As capas perdidas e suas pistas
Localizar traduções antigas e ainda imagens da capa não é simples. Em muitos casos, demoramos para encontrar uma em resolução razoável. Noutros casos, como saber quais foram as traduções?
Um de nossos maiores aliados é o banco do ISBN (International Standard Book Number), aqueles números pequenos do código de barras de um livro que servem para ajudar na circulação e sua catalogação.
As capas são relevantes, pois geralmente são nosso primeiro contato com uma obra, capazes de transmitir o estilo ou os temas de um livro. No caso do romance de Caio Fernando Abreu, Onde estará Dulce Veiga?, observar as capas antigas evidencia também um percurso da obra.
Por exemplo, depois da publicação, em 1990, no Brasil, o romance recebeu uma edição francesa pela Autrement (1994). Após o falecimento do escritor, sairia a edição alemã pela dtv (1997) e, em ondas, o livro logo chegaria aos EUA (2000 e 2001), à Itália e à Argentina (2011) e finalmente a Portugal (2012).

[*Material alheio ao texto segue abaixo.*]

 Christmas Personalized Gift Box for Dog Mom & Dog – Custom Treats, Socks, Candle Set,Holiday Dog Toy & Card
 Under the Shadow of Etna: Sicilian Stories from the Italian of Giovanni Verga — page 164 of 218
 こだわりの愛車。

Inclusive, se você está se perguntando, afinal de contas, Onde andará Dulce Veiga? por aqui, a última edição é da Nova Fronteira (2016), com reimpressões. Será que não estaria na hora de aportar uma nova e caprichada edição brasileira? Quem sabe?

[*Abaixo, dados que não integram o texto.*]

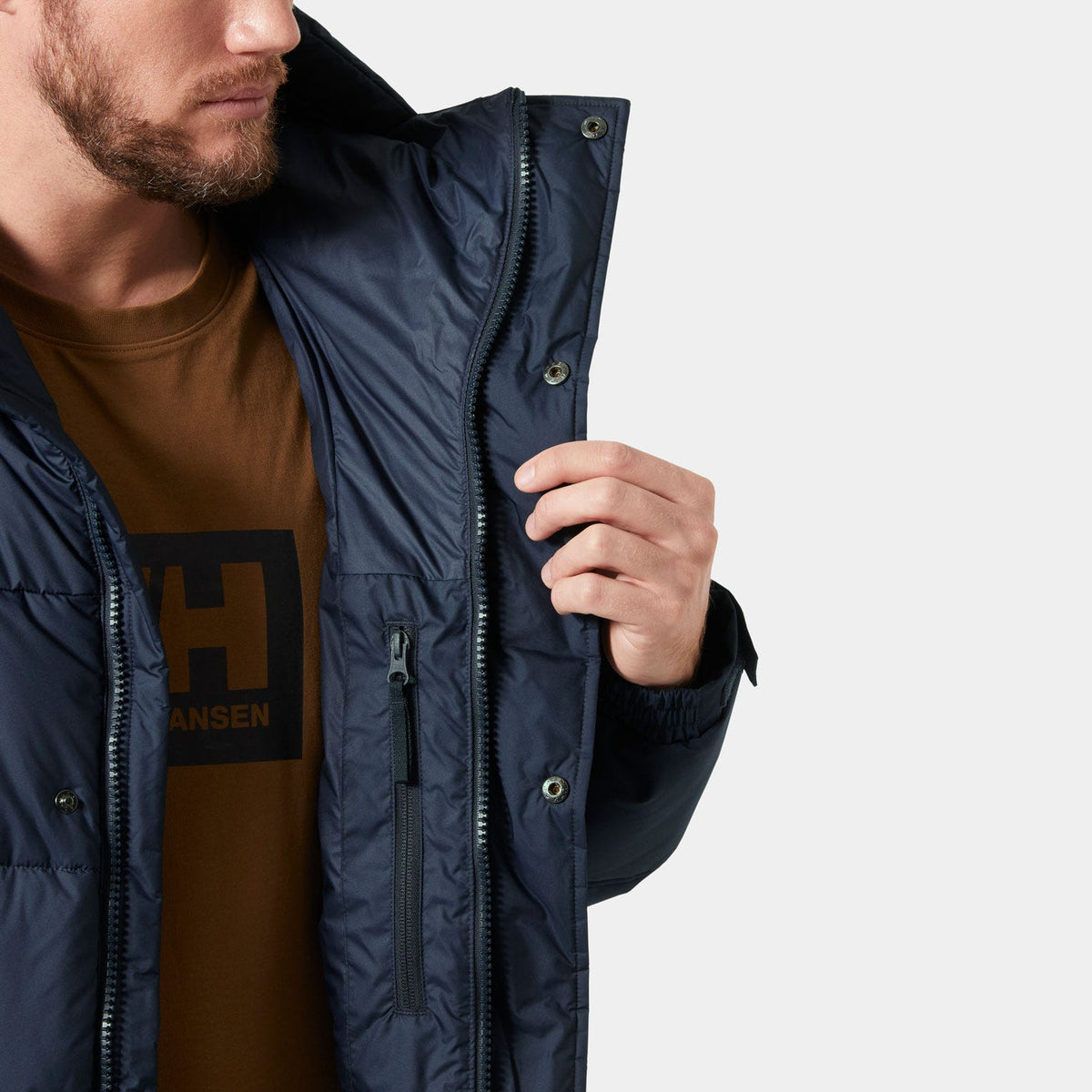 Men's Escape Down Parka - 597 NAVY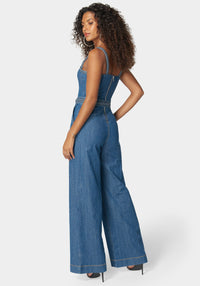Medium Blue Wash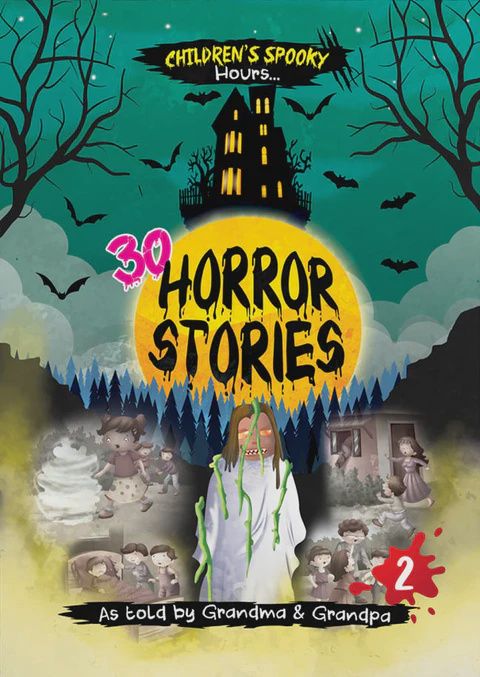 30 Horror Stories- Book 2 30 Horror Stories- Book 2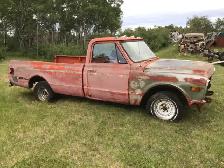 69 Chev C10 roller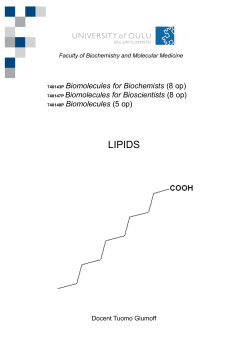 lipids - Noppa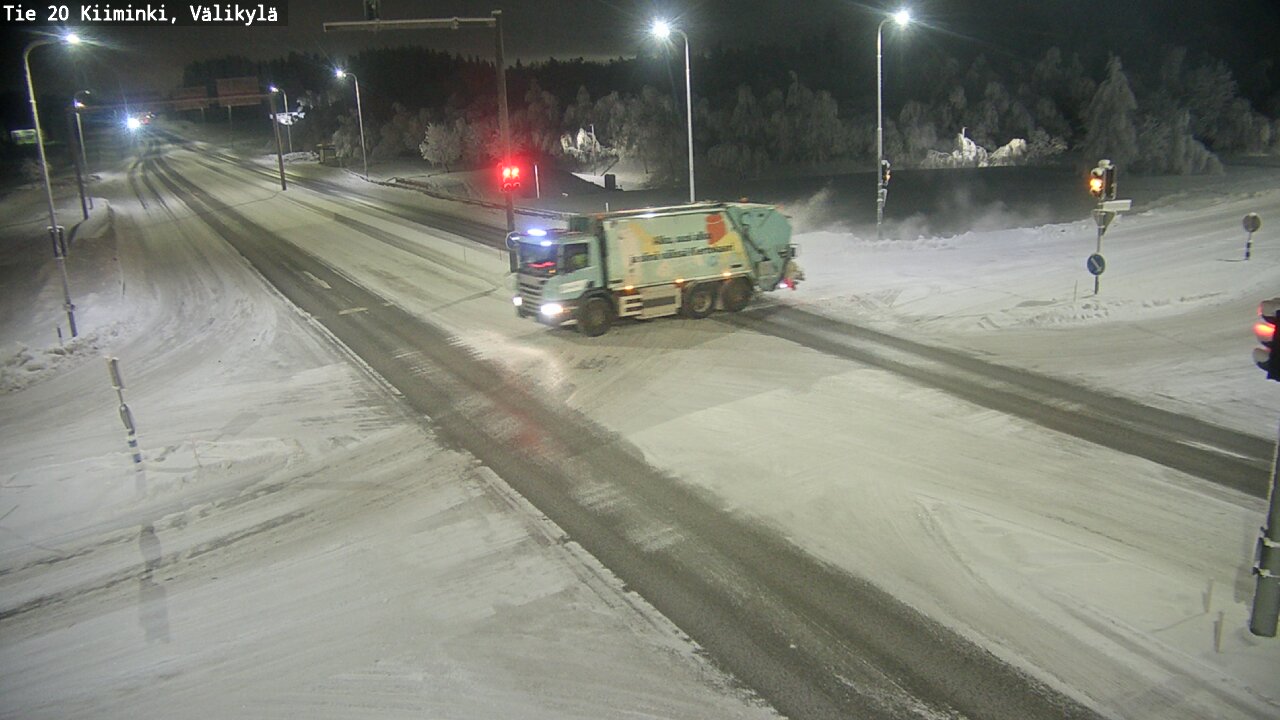 Kelikamerat Kuva Tie 20 Oulu Kiiminki, Välikylä, Oulu, Pohjois-Pohjanmaa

Algumas das edições do romance de Caio Fernando Abreu:
Original: São Paulo: Companhia das Letras, 1990
Itália: trad. Adelina Aletti, Roma: La Nuova Frontiera, 2011
Portugal: Lisboa: Quetzal, 2012
Alemão: trad. Gerd Hilger, Berlim: Diá, 2013
Espanhol: trad. Claudia Solans, Buenos Aires: Adriana Hidalgo, 2011
Uma das últimas edições: Rio de Janeiro: Nova Fronteira, 2016
Onde estará Dulce Veiga?, um caleidoscópio de possibilidades de experiência humana
Caio Fernando Abreu publicou Onde estará Dulce Veiga? em 1990. Gaúcho, nascido na cidade de Santiago do Boqueirão, quando publicou o romance, já era um escritor premiado por narrativas curtas: Triângulo das Águas ganhou o Jabuti em 1984 e Os dragões não conhecem o paraíso, em 1988. Esse romance iria ganhar o APCA.

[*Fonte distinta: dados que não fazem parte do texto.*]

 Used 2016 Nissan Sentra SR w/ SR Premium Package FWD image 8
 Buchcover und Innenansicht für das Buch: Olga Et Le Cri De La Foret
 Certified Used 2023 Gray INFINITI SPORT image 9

Amanda Bruno de Mello, professora na Universidade Federal de Santa Catarina, responsável por redigir o texto crítico sobre o romance ao site, apresentou o livro da seguinte forma em sua resenha:
“O protagonista, que narra o livro em primeira pessoa, é um jornalista prestes a completar 40 anos, que vive em condições bastante modestas e que acabou de conseguir um trabalho após um longo período de desemprego. Em sua primeira tarefa no jornal, entrevista a vocalista de uma banda de rock e descobre que ela é filha de Dulce Veiga, uma cantora que havia desaparecido nos anos 1960, no dia da estreia de seu primeiro show importante, que a alçaria, muito provavelmente, ao estrelato. O protagonista escreve, então, a crônica ‘Onde andará Dulce Veiga?’, na qual relembra o talento da diva e questiona seu paradeiro.”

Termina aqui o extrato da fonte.